Um evento inusitado marcou o primeiro dia do ano em Humaitá, cidade do noroeste do Rio Grande do Sul. O município ficou sem prefeito por nove horas após a antiga administração, que perdeu a reeleição, deixar a prefeitura antes da cerimônia de posse e da transmissão de cargo.
Segundo relata o novo prefeito de Humaitá, Luiz Carlos Sandri (PP), eleito com 1.730 votos (46,96% dos válidos), ele encontrou a prefeitura com a porta apenas encostada, sem ninguém da antiga administração presente, e a ata de transmissão de cargo na mesa do gabinete do prefeito, já assinada.
Agora ex-prefeito, Paulo Schwade (MDB) concorreu nas eleições de outubro, recebeu 1.489 votos (40,42% dos válidos) e não foi reeleito.
Luiz Carlos Sandri foi empossado pela Câmara Municipal em ato que iniciou às 17h. Após, se encaminhou junto ao seu vice Delcio Seibel (PP), à prefeitura, que fica próxima à sede do Legislativo.
“Depois, viemos para a prefeitura para fazer a transmissão de cargo e fomos comunicados que, às 7h30, a antiga administração fez uma ata de transmissão de artigo sem a presença do prefeito e do vice eleitos. A gente só pode fazer a transmissão de cargo após a posse”, relata Sandri.
“A gente chegou na prefeitura, a porta estava aberta e no gabinete tinha a ata. Ali dizia que eles teriam realizado a transmissão de cargos e que nós não comparecemos. Quando chegamos, não havia ninguém da antiga administração. Apenas seguranças com relação ao evento da Câmara”, continua.
Foi preciso elaborar, então, uma nova ata, visto que a transmissão de cargos só pode ocorrer após a posse pela Câmara, de acordo com a lei orgânica do município. A nova ata foi assinada por volta das 18h30. A prefeitura ficou vacante, portanto, por cerca de nove horas.

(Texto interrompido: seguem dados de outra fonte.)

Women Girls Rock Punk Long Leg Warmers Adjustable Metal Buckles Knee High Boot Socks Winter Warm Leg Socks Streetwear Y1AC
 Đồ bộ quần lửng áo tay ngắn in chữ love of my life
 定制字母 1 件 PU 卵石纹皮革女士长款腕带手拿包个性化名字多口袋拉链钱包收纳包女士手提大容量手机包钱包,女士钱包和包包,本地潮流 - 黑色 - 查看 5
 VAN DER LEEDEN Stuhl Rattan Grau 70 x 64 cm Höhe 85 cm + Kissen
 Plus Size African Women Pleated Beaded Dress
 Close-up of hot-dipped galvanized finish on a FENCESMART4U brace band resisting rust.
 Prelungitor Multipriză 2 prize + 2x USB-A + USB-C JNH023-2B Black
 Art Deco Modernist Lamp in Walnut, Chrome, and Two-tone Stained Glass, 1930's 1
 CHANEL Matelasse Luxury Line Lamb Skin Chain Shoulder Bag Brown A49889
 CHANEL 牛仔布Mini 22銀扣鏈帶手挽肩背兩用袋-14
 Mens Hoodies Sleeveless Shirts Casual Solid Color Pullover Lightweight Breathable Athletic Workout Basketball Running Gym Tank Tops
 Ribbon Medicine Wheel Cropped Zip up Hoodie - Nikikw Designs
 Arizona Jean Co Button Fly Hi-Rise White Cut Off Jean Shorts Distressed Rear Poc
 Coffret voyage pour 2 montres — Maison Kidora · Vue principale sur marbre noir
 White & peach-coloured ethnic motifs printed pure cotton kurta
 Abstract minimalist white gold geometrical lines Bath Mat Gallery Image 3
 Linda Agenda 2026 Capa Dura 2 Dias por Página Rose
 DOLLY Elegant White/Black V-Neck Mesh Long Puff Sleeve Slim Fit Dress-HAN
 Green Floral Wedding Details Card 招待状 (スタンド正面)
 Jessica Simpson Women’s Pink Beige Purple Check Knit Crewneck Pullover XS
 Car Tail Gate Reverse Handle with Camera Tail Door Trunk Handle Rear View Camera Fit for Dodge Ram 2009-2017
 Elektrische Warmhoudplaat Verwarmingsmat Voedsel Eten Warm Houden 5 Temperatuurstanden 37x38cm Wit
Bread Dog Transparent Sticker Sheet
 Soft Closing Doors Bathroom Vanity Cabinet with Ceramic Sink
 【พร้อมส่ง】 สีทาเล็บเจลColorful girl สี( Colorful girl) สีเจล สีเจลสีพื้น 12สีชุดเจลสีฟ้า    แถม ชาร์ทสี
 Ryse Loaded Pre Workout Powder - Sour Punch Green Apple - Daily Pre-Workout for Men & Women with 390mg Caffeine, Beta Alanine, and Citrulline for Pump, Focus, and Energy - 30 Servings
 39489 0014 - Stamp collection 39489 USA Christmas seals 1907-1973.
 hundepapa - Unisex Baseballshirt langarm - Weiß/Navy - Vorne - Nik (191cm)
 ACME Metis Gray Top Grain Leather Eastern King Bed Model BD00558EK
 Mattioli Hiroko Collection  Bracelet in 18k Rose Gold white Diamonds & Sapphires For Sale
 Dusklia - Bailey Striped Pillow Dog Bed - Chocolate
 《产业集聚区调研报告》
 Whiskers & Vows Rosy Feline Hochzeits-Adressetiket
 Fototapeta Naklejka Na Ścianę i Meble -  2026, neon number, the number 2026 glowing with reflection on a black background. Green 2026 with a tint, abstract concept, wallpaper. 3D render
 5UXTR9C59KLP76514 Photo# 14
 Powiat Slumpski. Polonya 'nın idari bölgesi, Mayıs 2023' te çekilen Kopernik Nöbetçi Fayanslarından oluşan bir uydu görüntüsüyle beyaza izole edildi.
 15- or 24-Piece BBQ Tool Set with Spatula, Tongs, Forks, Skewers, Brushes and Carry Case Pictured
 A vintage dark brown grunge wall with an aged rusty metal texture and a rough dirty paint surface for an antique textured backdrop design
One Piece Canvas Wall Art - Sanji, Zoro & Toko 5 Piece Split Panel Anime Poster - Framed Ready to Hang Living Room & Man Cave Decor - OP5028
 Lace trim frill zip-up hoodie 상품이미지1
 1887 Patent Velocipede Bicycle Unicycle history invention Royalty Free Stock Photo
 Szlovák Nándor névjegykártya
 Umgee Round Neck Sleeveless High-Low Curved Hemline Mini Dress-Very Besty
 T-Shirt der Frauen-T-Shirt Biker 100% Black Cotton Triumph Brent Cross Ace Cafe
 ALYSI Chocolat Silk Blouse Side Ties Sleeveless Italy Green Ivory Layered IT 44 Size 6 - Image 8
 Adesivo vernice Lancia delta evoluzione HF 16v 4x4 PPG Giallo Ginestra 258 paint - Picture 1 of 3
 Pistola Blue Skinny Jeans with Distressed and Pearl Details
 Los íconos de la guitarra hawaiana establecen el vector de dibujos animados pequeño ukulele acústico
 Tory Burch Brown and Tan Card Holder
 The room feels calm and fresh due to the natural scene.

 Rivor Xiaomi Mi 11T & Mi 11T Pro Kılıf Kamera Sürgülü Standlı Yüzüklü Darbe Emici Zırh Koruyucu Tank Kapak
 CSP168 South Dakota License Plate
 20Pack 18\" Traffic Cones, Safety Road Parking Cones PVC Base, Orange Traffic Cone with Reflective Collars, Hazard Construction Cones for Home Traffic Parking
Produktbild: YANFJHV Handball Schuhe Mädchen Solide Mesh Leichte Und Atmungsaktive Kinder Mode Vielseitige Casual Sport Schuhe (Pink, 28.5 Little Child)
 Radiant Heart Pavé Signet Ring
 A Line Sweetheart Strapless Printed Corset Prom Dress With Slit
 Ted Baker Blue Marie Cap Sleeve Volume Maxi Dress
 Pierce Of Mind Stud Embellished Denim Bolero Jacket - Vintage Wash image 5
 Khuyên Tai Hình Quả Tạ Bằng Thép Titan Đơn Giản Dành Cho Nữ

Sandri não sabe o motivo que levou ao ocorrido. Diz que não houve inflexão política nem desavenças durante a campanha e relata um processo tranquilo de transição. “Havia uma comissão de transição que nós nomeamos. Foi feita a transição com harmonia. Acho que é questão política. Mas não houve problemas para chegar a esse ponto”, afirma.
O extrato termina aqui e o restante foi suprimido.